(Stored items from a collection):
- Opening Delimiter -

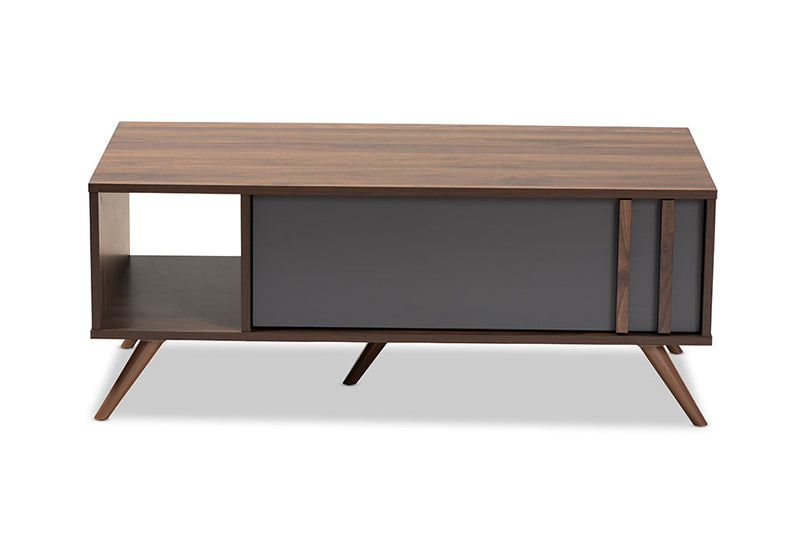 Pease Two-Tone Gray and Walnut 1-Drawer Coffee Table Baxton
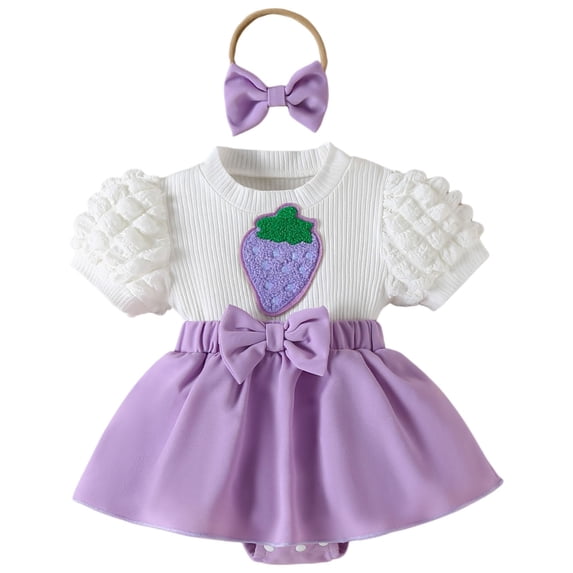 Karoyedx Spring Baby Girl Clothes Baby Girl Summer Clothes Cute Fruit Embroidery Ruffle Smocked Romper Newborn Girls Bodysuit Dress Purple Size,12-18 Months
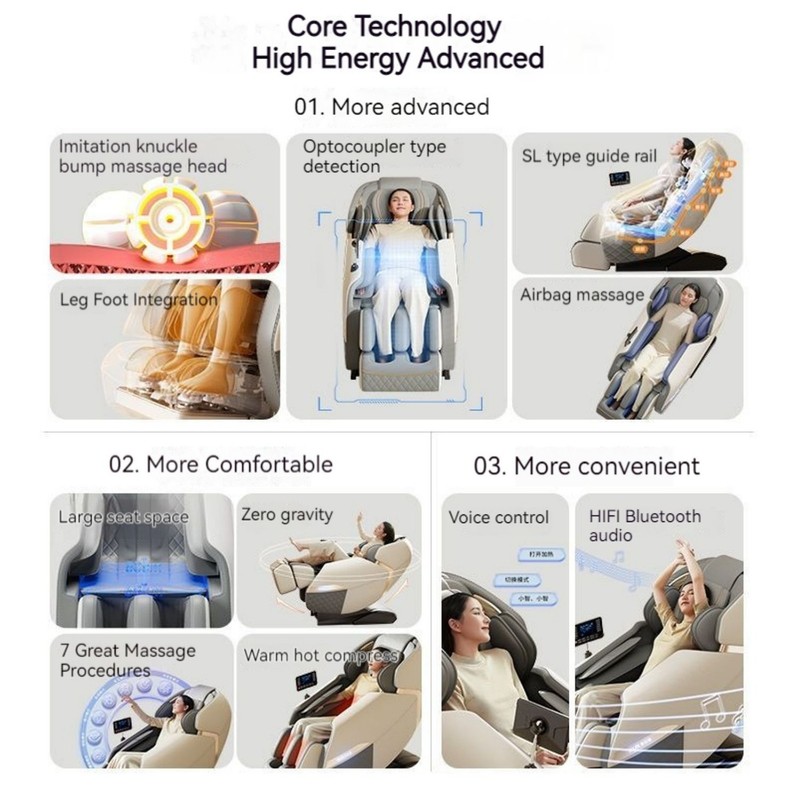 4D SL Track Electric Zero-gravity Massage Chair Full Body Bluetooth For Home gallery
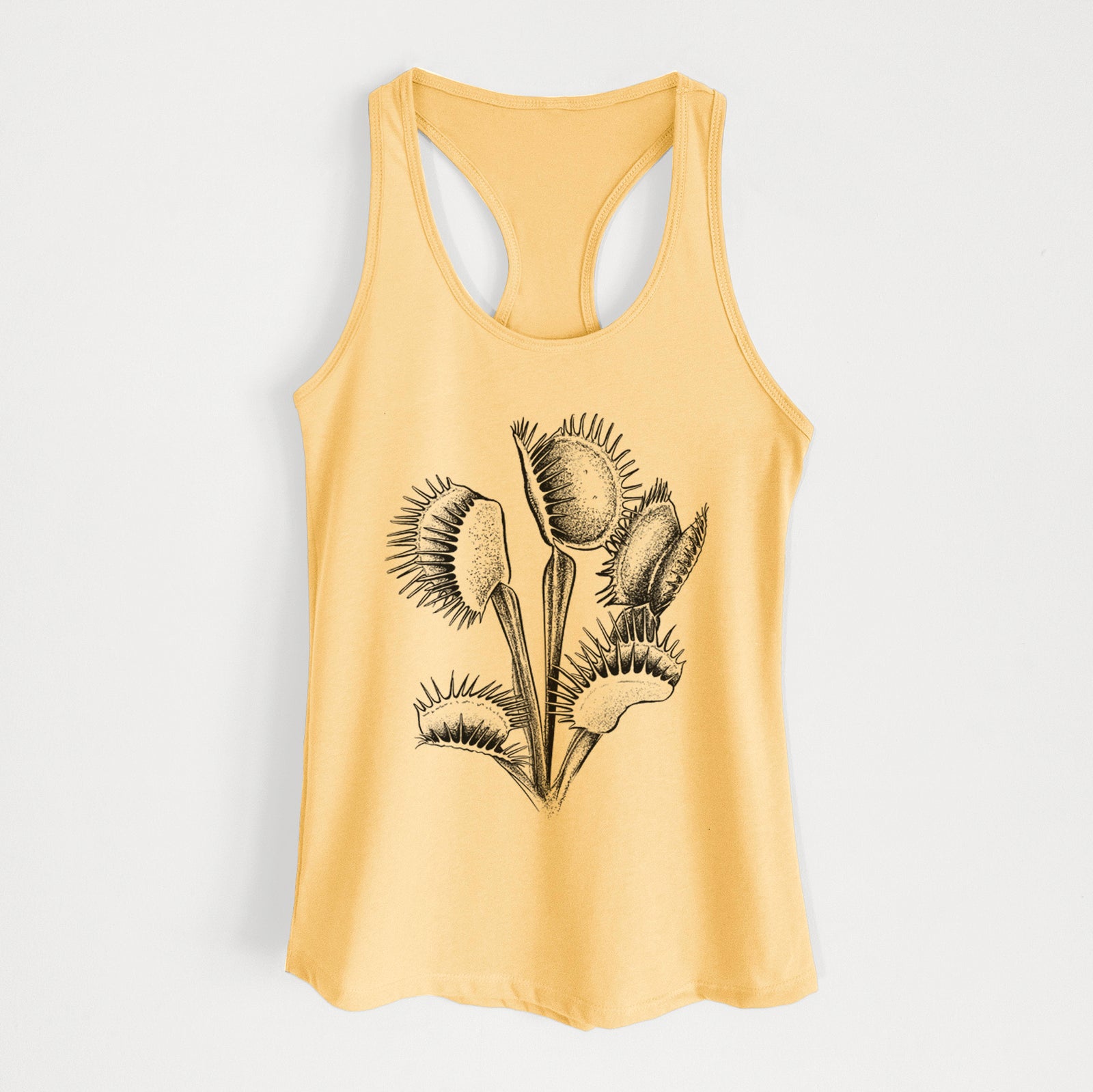 Banana cream women's racerback tank top laid flat, printed with a black ink illustration of a Venus flytrap plant with open traps.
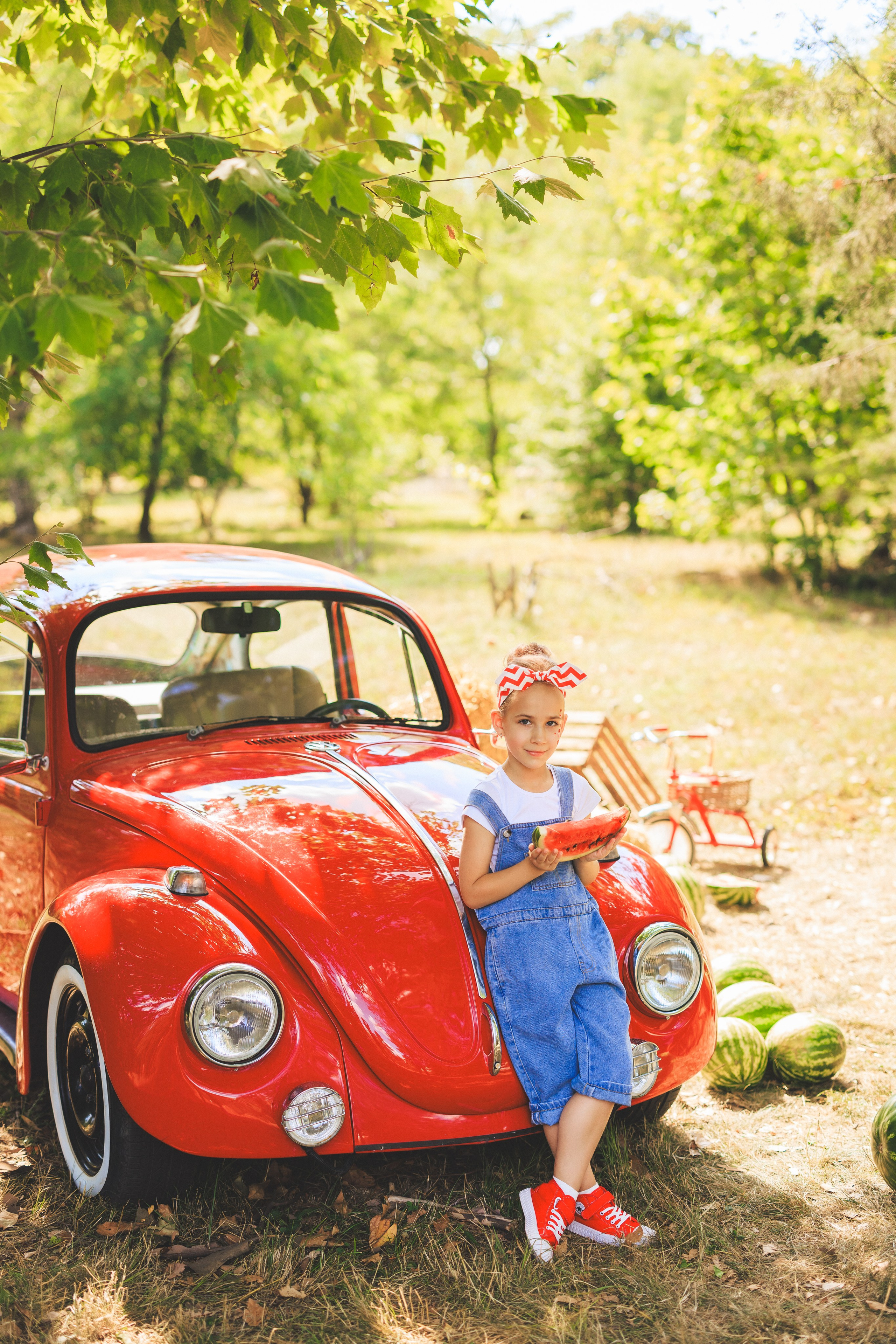 Летняя фотосессия с арбузами и ретро автомобилем. Семейный и детский фотограф в Краснодаре Анна Трашкова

- Closing Delimiter -

(WORK TO BE COMPLETED):
Skip the pictures. Return exactly the lines from the one containing "Banana cream women's" through the end of the data above, both included, and nothing besides.

(RESULT BELOW):
 Banana cream women's racerback tank top laid flat, printed with a black ink illustration of a Venus flytrap plant with open traps.
 Летняя фотосессия с арбузами и ретро автомобилем. Семейный и детский фотограф в Краснодаре Анна Трашкова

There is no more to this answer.